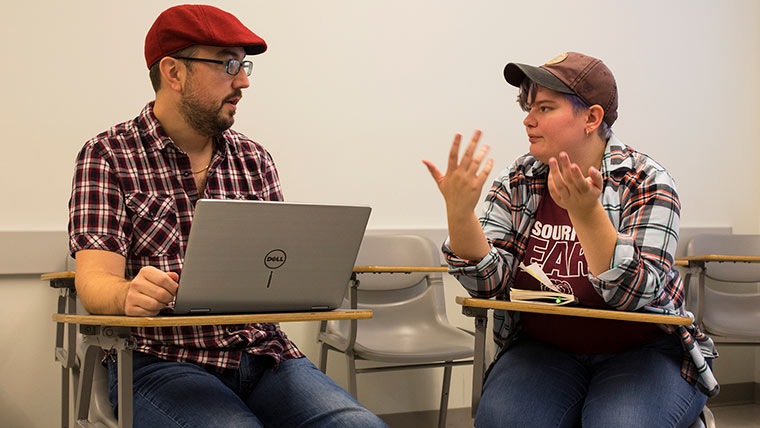 Students discussing script.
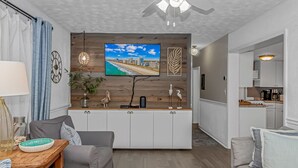 A modern living room with a TV, a dining area, and a kitchen. - Ocean Lakes, Beach, Seasonal Waterpark, Indoor/Outdoor Pool, Arcade, Cafés, Golf (Myrtle Beach)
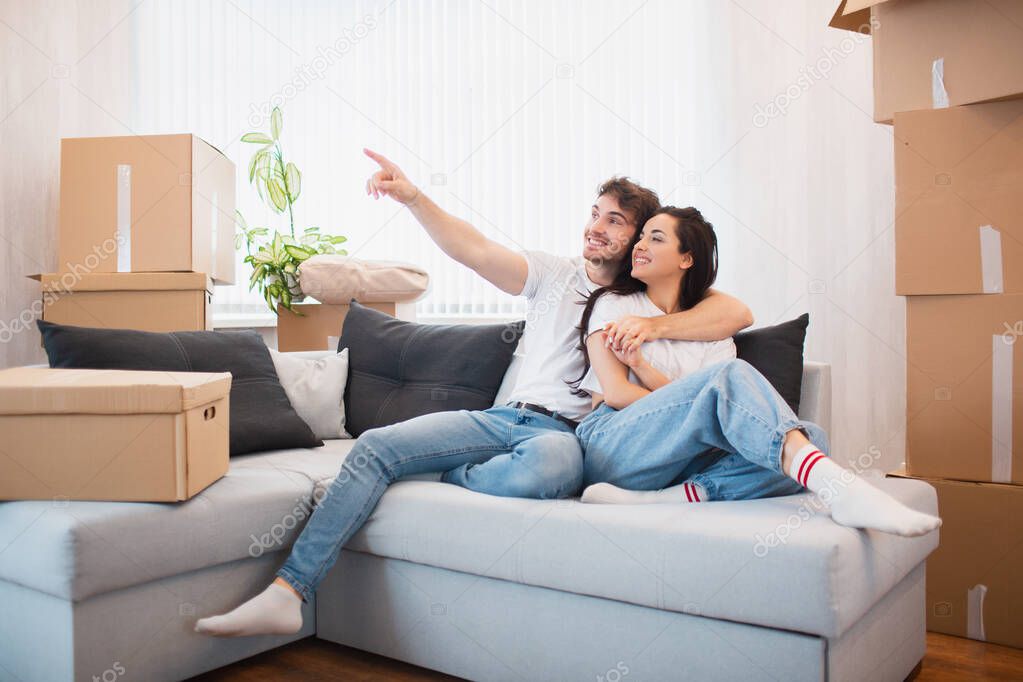 a happy young married couple moves to new apartment. They are sitting on the sofa and looking at their new home.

» **ASSIGNED TASK**: Restate the material above word for word, omitting the pictures.

» **RESPONSE TO THE EXERCISE**:
 Students discussing script.
 A modern living room with a TV, a dining area, and a kitchen. - Ocean Lakes, Beach, Seasonal Waterpark, Indoor/Outdoor Pool, Arcade, Cafés, Golf (Myrtle Beach)
 a happy young married couple moves to new apartment. They are sitting on the sofa and looking at their new home.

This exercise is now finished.